Does the Zotero date field support this structure? How to insert the date? (I tried - [1914] 2012 - but Zotero just recognize the first date).
Thanks in advance,
Cadu
By the way, do you know whether it is a feature that has chance to be implement in CSL style soon?
Even using the follows structure in Zotero field date, when citing in Word it is considered just 1914 (without any of the others marks or date).
_[1914] 2012_
When I hover over the mouse on the date field (Zotero interface) it appears: 1914-00-00. So, it seems I couldn't force Zotero to store the pattern _[1914] 2012_
Is there something I am missing or making wrong?
Thanks!
"1914 2012"
None of these worked. Always 1914 is recognized, cited and referenced.
Is it expected that "[1914] 2012" will be cited and referenced in Word document? Or should it just remain as a register inside Zotero date field?
Thanks!
Has any progress been made on this front? In general, it would be great to be able to cite both original dates -- using the brackets -- and edition dates, using a slash. Example:
1956/1972 (1st edition 1956; current, cited edition 1972)
2012 [1914] (cited edition 2012; originally written in 1914)
It would be great to hear if anything has been done on this front.
Thanks!
(1) The site translators take (sometimes messy) human-readable dates listed in target pages and convert them to an orderly internal form in the Zotero database. This is the "internal representation".
(2) When inserting citations, Zotero transforms the internal representation into a different form and sends it to the citation processor. This is the "citation processor representation".
(3) The citation processor takes the data it receives and transforms it into a human-readable citation. This is the "human readable form".
The citation processor representation allows for a literal string form of the date (i.e. a form that is not transformed according to the style). This provides a way of coping with requirements like those illustrated in your examples, that are not yet fully supported in the Zotero data model.
Literal strings in the citation processor representation depend on receiving data in that form from Zotero. For that to happen, two things are necessary:
(a) The "internal representation" in Zotero needs to allow the storage of literal strings (which it does do); and
(b) Zotero needs to send the literal-string data to the citation processor in an appropriate form when required (I'm not sure about this one).
Possibly we have all the necessary pieces in place, and only need a small tweak or two to get Z and the processor to speak to one another smoothly. If more than a tweak or two are required, this may have to wait for a revamp of date handling, which seems likely to happen in the coming year.
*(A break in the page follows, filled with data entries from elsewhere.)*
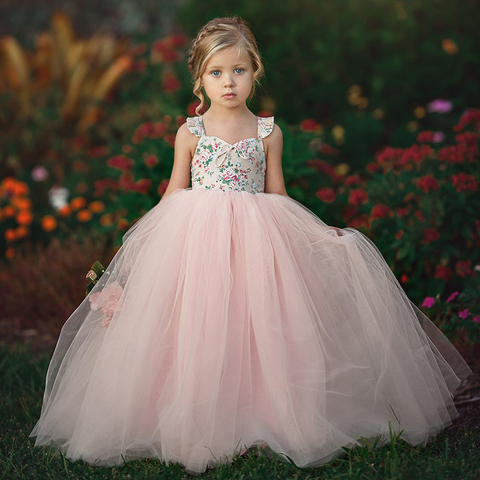 Vestido de princesa para niñas de 1 a 7 años, tutú de tul para fiesta de noche, boda, cumpleaños, maxivestido largo de verano ► Foto 1/6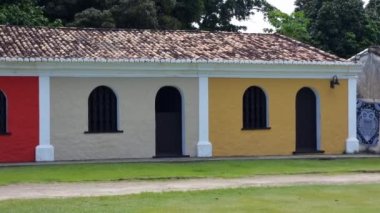 Porto Seguro, BA, Brazil - January 03, 2023: colored historic buildings of the Historic Center of Porto Seguro.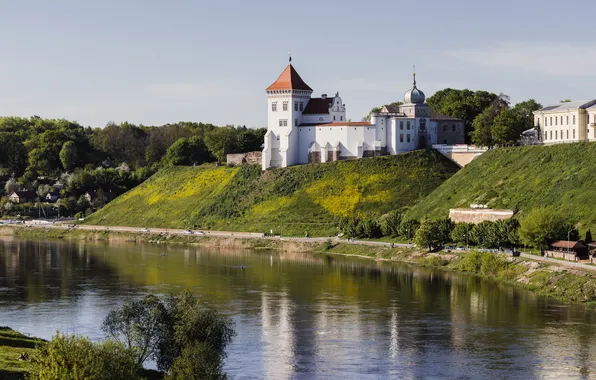 Old, river, castle, spring, may, Belarus, Grodno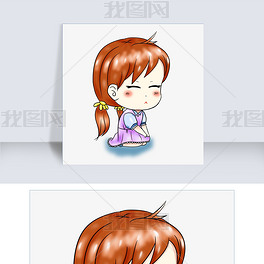 手绘跪坐少女png素材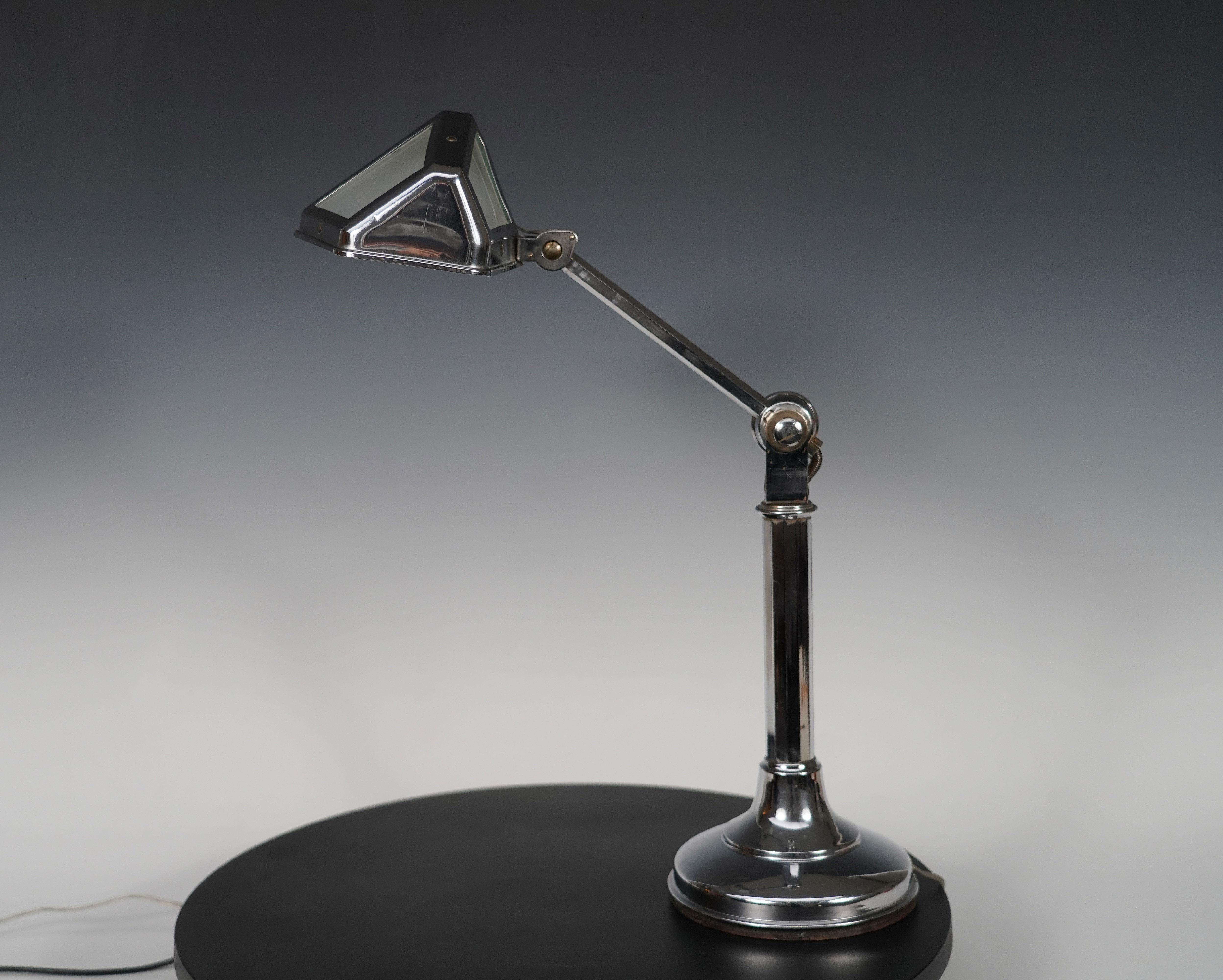Plated  Pirouett model Desk Lamp, designed by J. Chavanis, France, Circa 1940 For Sale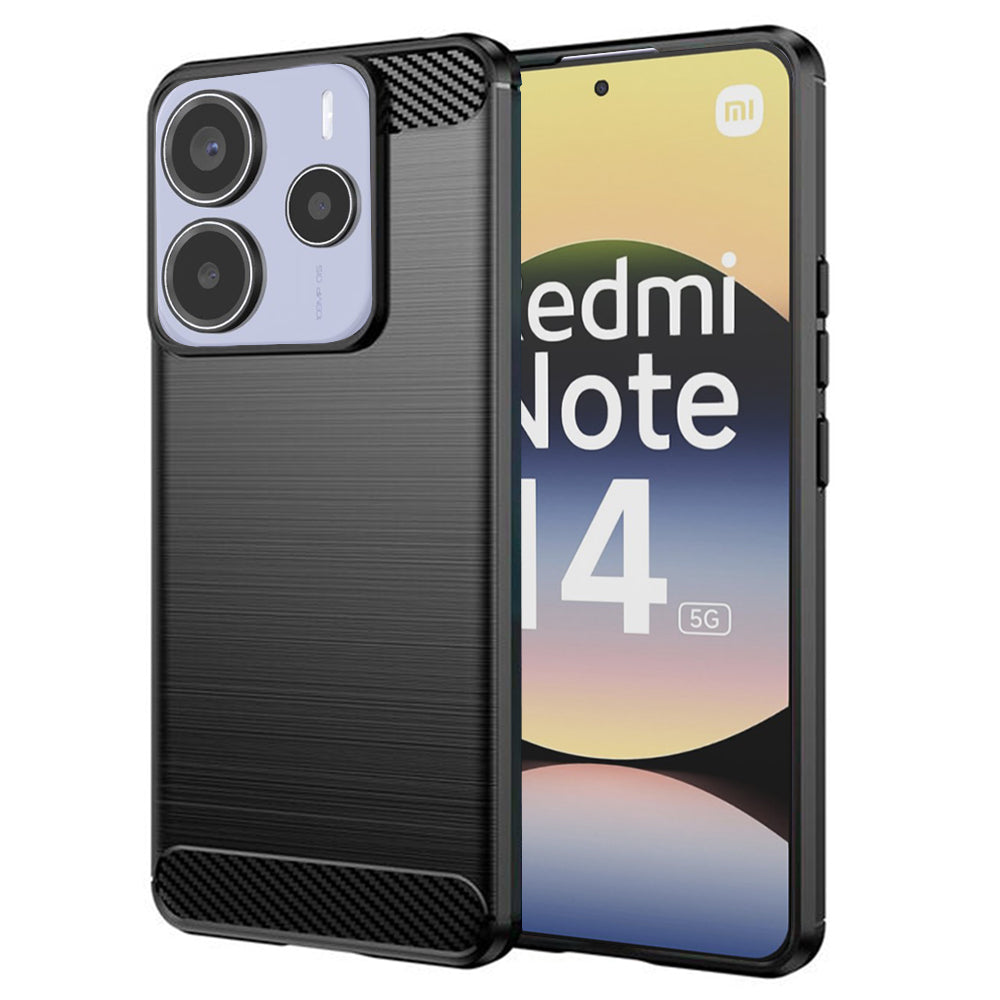 Custodia per Xiaomi Redmi Note 14 5G, Techsuit, Carbonio, Nera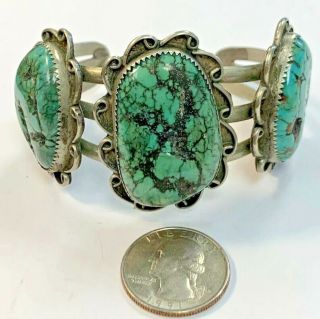 Huge Vintage Native American Navajo Turquoise Silver Cuff Bracelet 60.  1 grams 7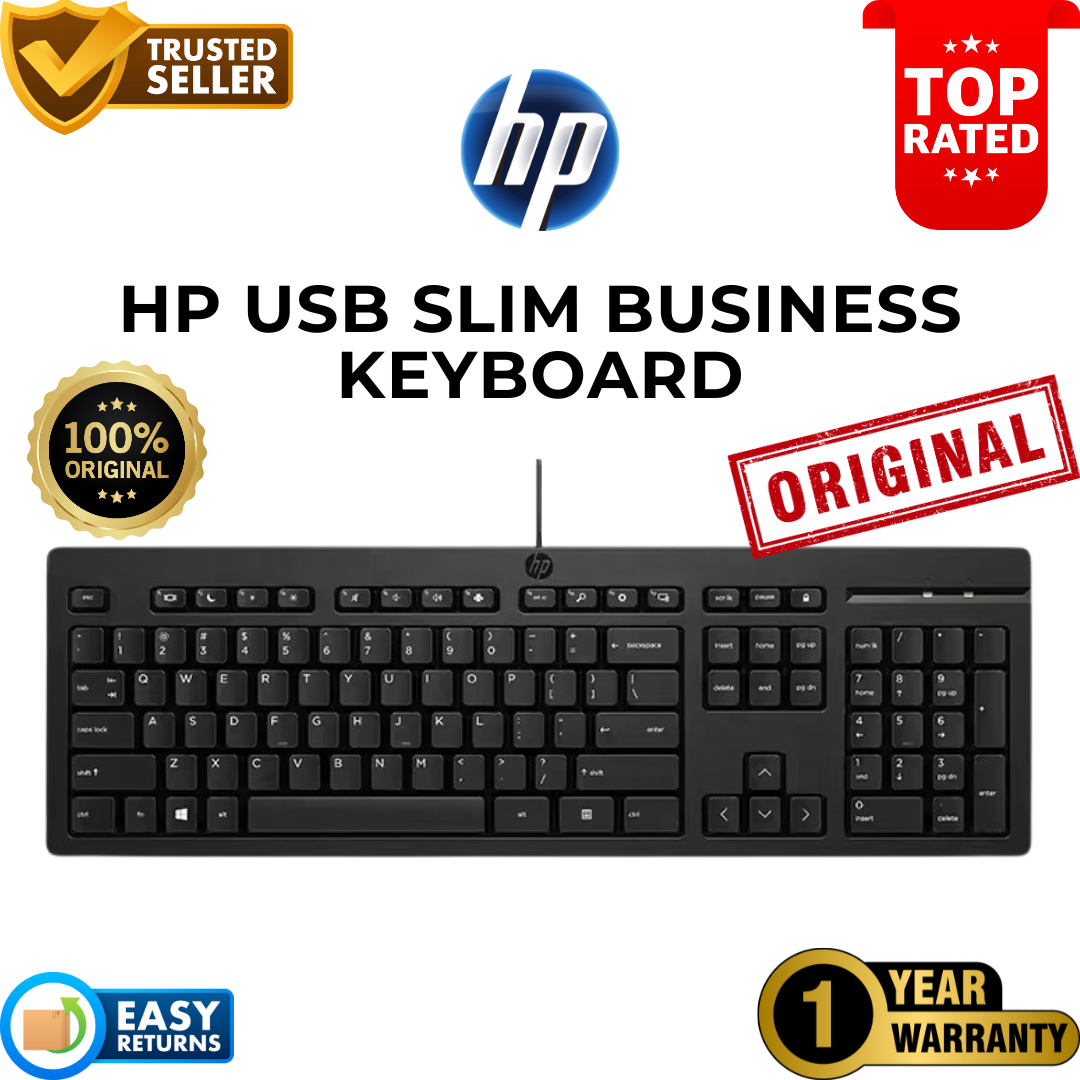 HP USB Keyboard for PC & Laptop | Slim Business Design, Quiet Keys, Original Quality | 1 Year Warranty price in Pakistan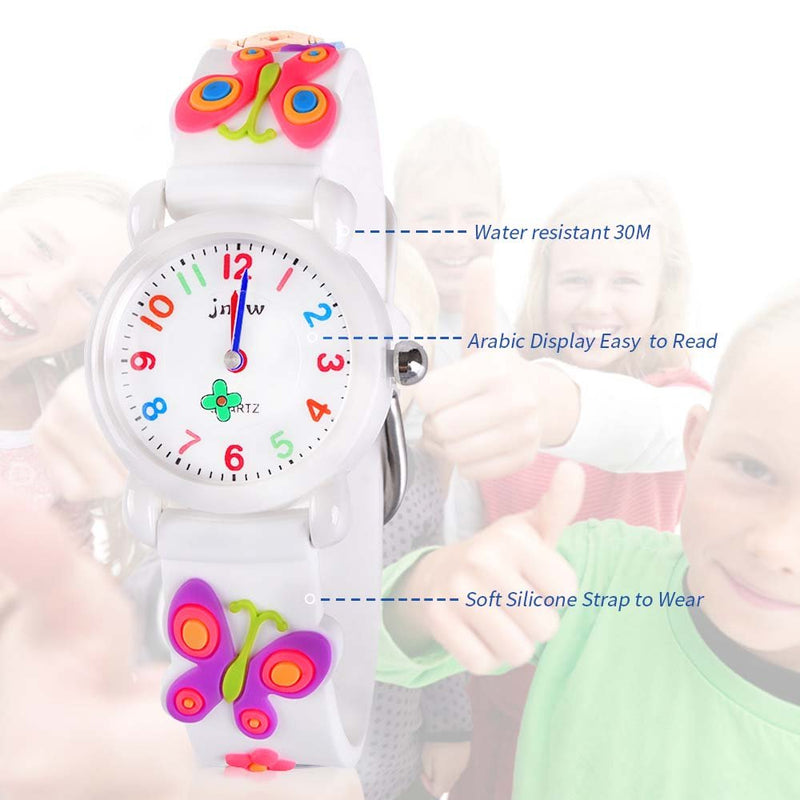 Kids Gift Cartoon Waterproof Watches Toys for Boys Girls - Best Gifts Butterfly White - LeoForward Australia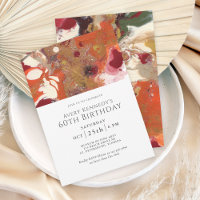 Orange Abstrait Boho 60e fête d'anniversaire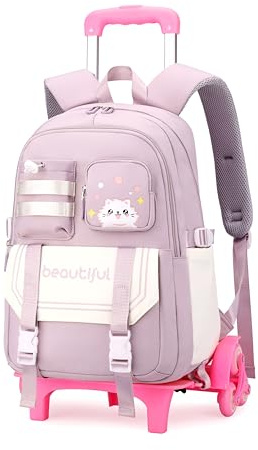 ETAISHOW Cat Print Rolling Backpack for Girls Kids Backpack with Wheels Roller Bookbag Preschool Trolley School Bag Wheeled Bag Purple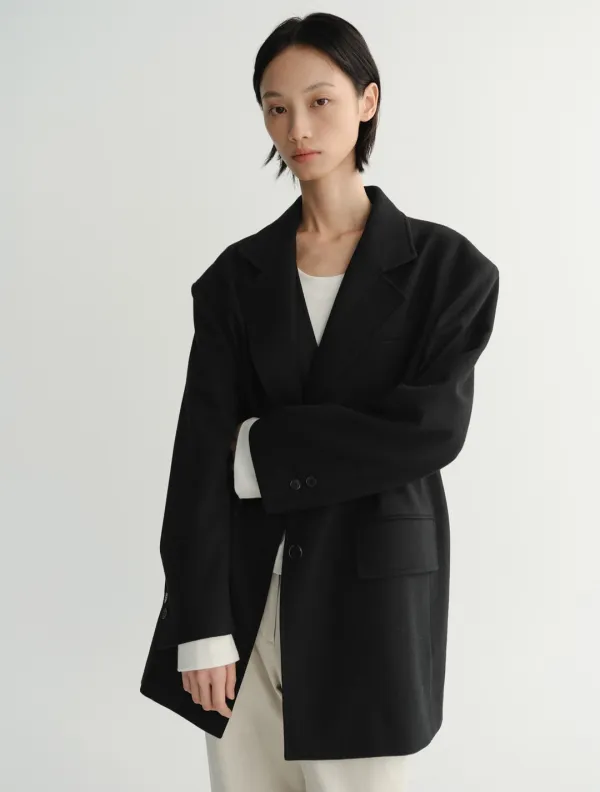 Oversized Wool Jacket (Black)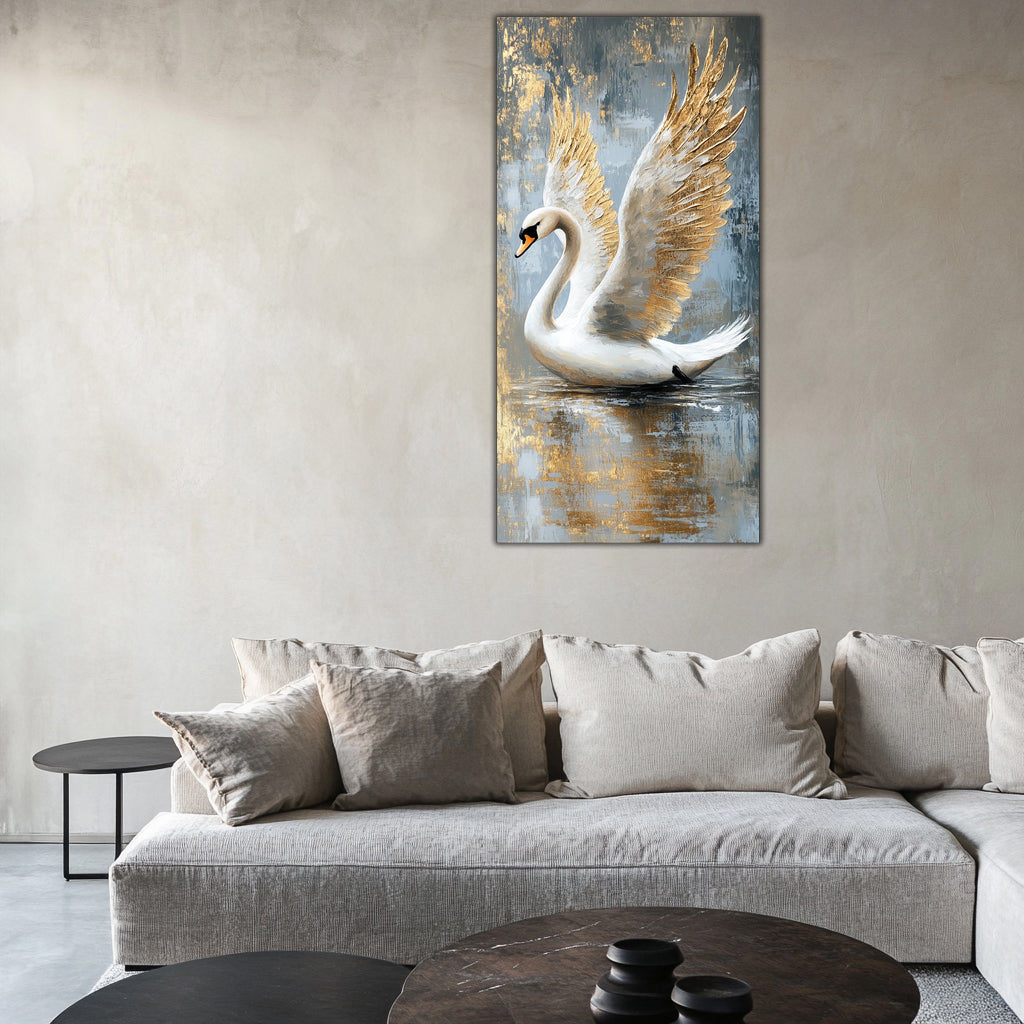 Gilded Art Print White Swan – Gold Accent Wall Decor Canvas, Foil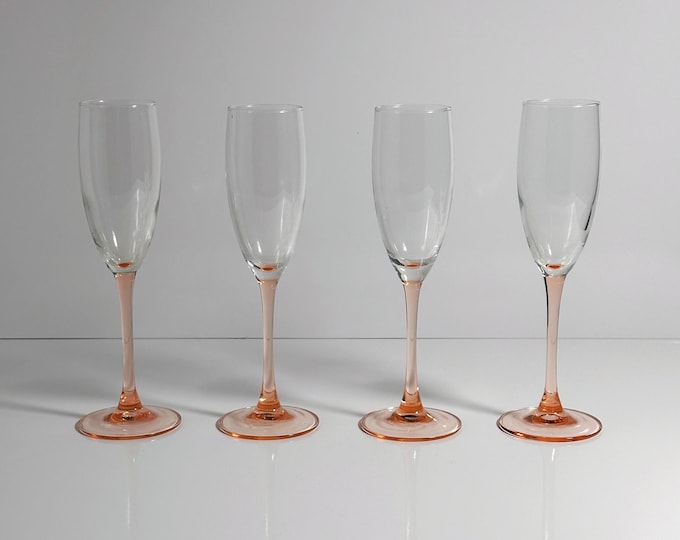 4 Vintage Luminarc Sparkling Wine Glasses 80s Pink Salmon Rosalin Goblet Art Deco Revival Champagne Postmodern Champagne
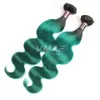 1b Grön brasiliansk kroppsvåg Mänsklig hår Virgin Human Hair Extensions Ombre Färg Brasilianskt Hår 3 Bundlar Lot VMAe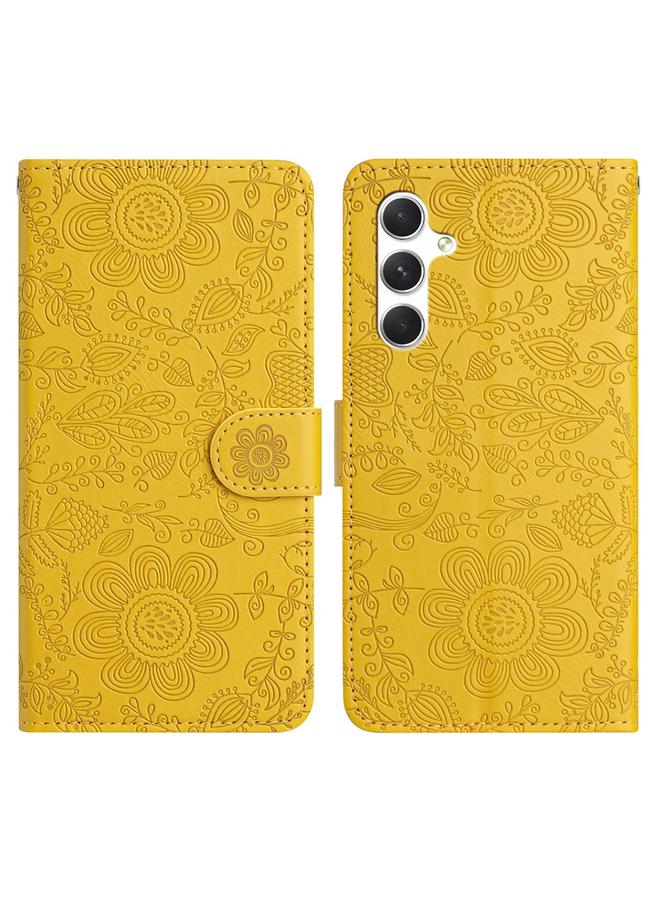 اس-توب جراب لهاتف Samsung Galaxy A34 مصنوع من الجلد بنقشة زهور - Image 1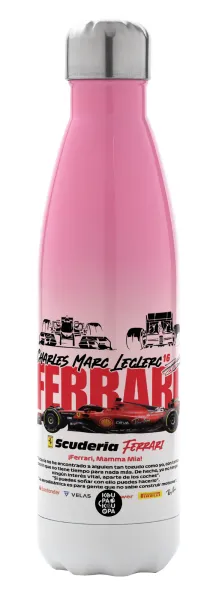 F1 Ferrari — Μεταλλικό παγούρι θερμός Ροζ/Λευκό (Stainless steel), διπλού τοιχώματος, 500ml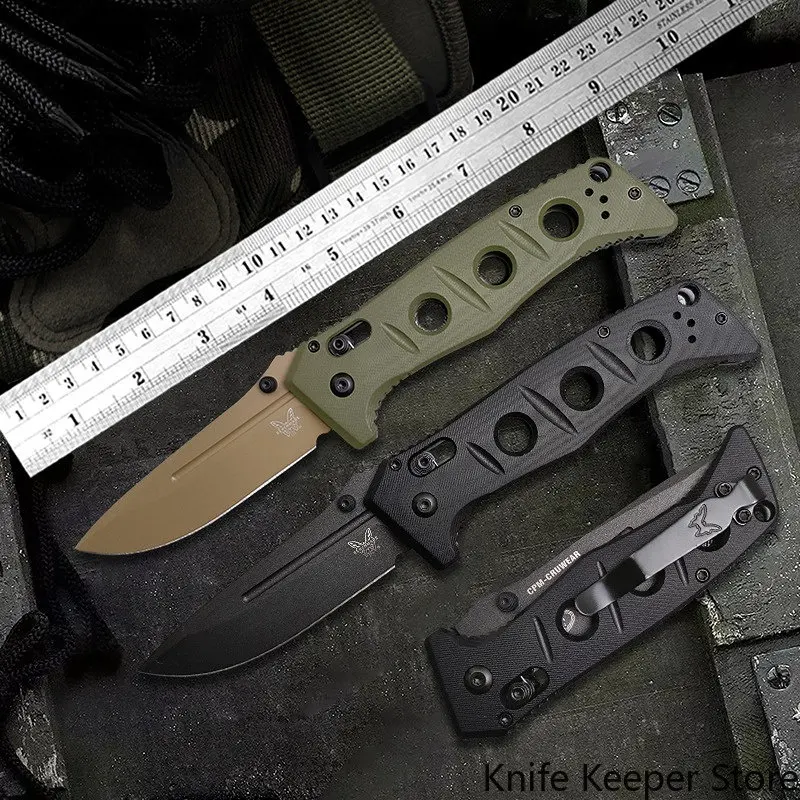 Benchmade 275 Adamas Knife Drop-Point Blade Plain Edge G10 Handle BM 275 Folding Blade Knife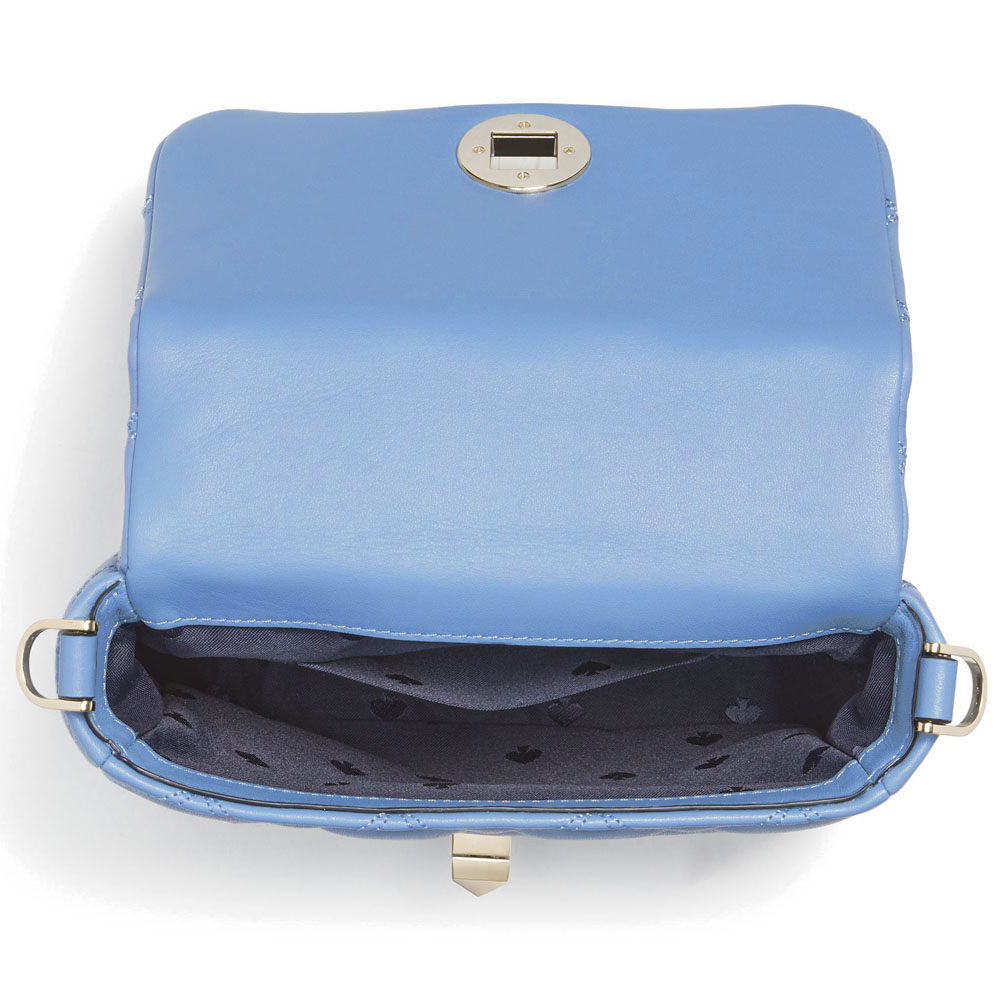 Kate Spade Sling Bag Natalia Smooth Quilted Square Crossbody Dusty Blue # K8162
Dan or Simon may have comments.
In my experience, target pages tend not to list what we might call "secondary dates" (either edition dates or original publication dates) in a reliable fashion. For instance, importing this edition -- http://books.google.com/books?id=EFi2RVvX3wsC&lpg=PP1&dq=the%20great%20gatsby&pg=PP1#v=onepage&q&f=false -- of The Great Gasby from Google Books into Zotero results in the date reading 2011-10-11, when in fact the book was published in 1925. Zotero *is* correctly picking up the date listed -- it's just the date of the current edition, not the date of original publication. The "secondary dates" are something that I think the individual user would just have to key in manually, at least at this juncture.
Thanks again for your detailed reply!
Here are links to earlier iterations of the discussion:
http://forums.zotero.org/discussion/8239/multiple-dates-for-published-and-republished
http://forums.zotero.org/discussion/3673/original-date-of-publication/
Some day, it will be great to enter the original date in a new data field in Zotero, and then have it appear in in-line citations, footnotes, and bibliographies. Some day!
Another way of hacking in a workaround is to tag all of Zotero entries that have more than one date, and then prior to publication go through and manually change all the entries.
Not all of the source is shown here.